### DIRECTIONS
All that is wanted is a word-for-word copy of the data from its first line to the line containing "Smith River Casa", both included.

[Recorded data]
::::::

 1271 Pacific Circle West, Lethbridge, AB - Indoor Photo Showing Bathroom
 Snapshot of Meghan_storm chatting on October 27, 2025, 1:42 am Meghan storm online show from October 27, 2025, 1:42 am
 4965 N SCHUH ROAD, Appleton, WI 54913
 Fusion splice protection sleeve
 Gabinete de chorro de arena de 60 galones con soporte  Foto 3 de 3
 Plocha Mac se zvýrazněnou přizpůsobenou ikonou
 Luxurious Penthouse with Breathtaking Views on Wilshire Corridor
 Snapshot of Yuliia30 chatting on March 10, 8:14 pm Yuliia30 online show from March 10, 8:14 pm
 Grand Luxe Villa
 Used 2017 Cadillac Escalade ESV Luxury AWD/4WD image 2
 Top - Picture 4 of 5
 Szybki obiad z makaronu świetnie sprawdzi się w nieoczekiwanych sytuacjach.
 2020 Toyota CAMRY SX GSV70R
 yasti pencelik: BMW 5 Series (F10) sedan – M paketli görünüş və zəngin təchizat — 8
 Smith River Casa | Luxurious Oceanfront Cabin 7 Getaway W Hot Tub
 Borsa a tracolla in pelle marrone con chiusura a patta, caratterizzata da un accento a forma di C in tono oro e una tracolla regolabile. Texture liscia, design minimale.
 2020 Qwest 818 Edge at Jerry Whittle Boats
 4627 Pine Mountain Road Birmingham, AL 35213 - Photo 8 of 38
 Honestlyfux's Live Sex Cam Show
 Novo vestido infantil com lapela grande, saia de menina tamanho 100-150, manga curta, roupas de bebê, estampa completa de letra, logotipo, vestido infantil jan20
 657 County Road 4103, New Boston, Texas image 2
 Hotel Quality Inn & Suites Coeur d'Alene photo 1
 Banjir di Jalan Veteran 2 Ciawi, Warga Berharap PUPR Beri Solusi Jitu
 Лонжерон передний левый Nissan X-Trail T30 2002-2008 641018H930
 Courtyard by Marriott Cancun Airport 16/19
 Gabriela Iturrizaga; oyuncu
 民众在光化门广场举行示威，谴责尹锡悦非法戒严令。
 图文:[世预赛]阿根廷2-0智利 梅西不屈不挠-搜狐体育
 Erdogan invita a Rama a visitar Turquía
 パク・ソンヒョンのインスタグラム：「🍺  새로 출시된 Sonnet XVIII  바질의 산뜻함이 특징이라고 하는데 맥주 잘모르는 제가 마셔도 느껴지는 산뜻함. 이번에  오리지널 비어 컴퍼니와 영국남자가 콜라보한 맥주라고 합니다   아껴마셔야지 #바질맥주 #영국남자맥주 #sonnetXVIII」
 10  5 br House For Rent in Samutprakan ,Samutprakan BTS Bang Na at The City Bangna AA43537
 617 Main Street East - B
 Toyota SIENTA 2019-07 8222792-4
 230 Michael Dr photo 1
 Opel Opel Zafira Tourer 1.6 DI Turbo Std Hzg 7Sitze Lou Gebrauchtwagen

::::::

### TASK OUTPUT
 1271 Pacific Circle West, Lethbridge, AB - Indoor Photo Showing Bathroom
 Snapshot of Meghan_storm chatting on October 27, 2025, 1:42 am Meghan storm online show from October 27, 2025, 1:42 am
 4965 N SCHUH ROAD, Appleton, WI 54913
 Fusion splice protection sleeve
 Gabinete de chorro de arena de 60 galones con soporte  Foto 3 de 3
 Plocha Mac se zvýrazněnou přizpůsobenou ikonou
 Luxurious Penthouse with Breathtaking Views on Wilshire Corridor
 Snapshot of Yuliia30 chatting on March 10, 8:14 pm Yuliia30 online show from March 10, 8:14 pm
 Grand Luxe Villa
 Used 2017 Cadillac Escalade ESV Luxury AWD/4WD image 2
 Top - Picture 4 of 5
 Szybki obiad z makaronu świetnie sprawdzi się w nieoczekiwanych sytuacjach.
 2020 Toyota CAMRY SX GSV70R
 yasti pencelik: BMW 5 Series (F10) sedan – M paketli görünüş və zəngin təchizat — 8
 Smith River Casa | Luxurious Oceanfront Cabin 7 Getaway W Hot Tub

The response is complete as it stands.